There are three reasons to expand study of political scientists’ research ethics beliefs. First, researchers discuss ethical issues when evaluating manuscripts both informally and through the official review process. Understanding perceptions can shed light on how research is evaluated and, subsequently, how it is produced. Second, without understanding researchers’ perceptions, it is difficult to have a meaningful conversation about how current research practices might or should change. Third, and arguably most important, absent an understanding of norms, it is hard to evaluate the extent to which any potential projects of concern exist outside the values of the field. Ethical issues are rarely simple—many ethical issues exist in grey areas that depend on hard-to-quantify costs/benefits and normative issues (Kidder, 1995; Paul and Elder, 2003; Sen, 1999; Sidgwick, 2019; Singer, 2011). These grey areas and perceptions of ethics may influence the types of methods researchers use in their own work, which has significant implications for the range and depth of knowledge that the field can generate. Our goal is not to articulate bounds on what is right or wrong in research. Rather, it is to better understand what political scientists think are acceptable research practices. Though previous work exists (e.g., Desposato, 2018; Naurin and Öhberg, 2021), we make several important contributions about scholars’ perceptions of research ethics.

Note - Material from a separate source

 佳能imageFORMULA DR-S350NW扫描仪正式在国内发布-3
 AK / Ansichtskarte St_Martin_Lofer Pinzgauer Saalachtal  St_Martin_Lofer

First, we show that researchers do not put much relative weight on ethics when evaluating research, possibly reflecting that most scholars presume that studies follow basic ethical guidelines unless they have a reason to suspect otherwise. The political scientists in our sample, who appear to be representative of the broader APSA membership, rank research ethics below theoretical contribution, research design, analysis, and empirical contribution, on average. This prioritization varies substantially both within and across subfields. Second, we demonstrate that researchers view different modes of inquiry as having different potential harms. Of chief concern are field and lab experiments, which directly manipulate real-world institutions or behaviors. Not all experimental approaches received similar scrutiny. Respondents expressed greater concern about interviews and qualitative work in terms of potential harm to research subjects than audit or survey experiments. Third, we show that several factors not clearly directly related to ethics are associated with perceptions of ethics. Political scientists are more likely to view a study as unethical depending on author affiliation, study location, and the sample size. In contrast, the rank of the scholar and the rank of the publication outlet are not clearly associated with researchers’ considerations. These results suggest that researchers sometimes make inferences about study ethicality based on indirect factors such as author affiliation or based on the mode of study itself.
Taken together, our results illuminate what political scientists believe about research ethics and heterogeneity in those opinions. Our work adds to a growing body of metascience (Ioannidis, 2005; Bisbee et al., 2020; Schooler, 2014; Wilke et al., 2021; Munger, 2020a, 2020b, 2021).
Data
We conducted a survey in collaboration with the American Political Science Association (APSA) in March 2020. A random sample of 3000 (out of 10,504 total) current APSA members were invited to complete our module. A total of 362 respondents consented and completed our module (12.5% response rate). The sample is varied along lines of rank and subfield. Respondents were not compensated for their participation. See the Appendix for more information about the sample, the wording of the survey questions, and a discussion of how our design adheres to ethical guidelines. We included several questions to capture perceptions of research ethics and then presented respondents with a conjoint experiment.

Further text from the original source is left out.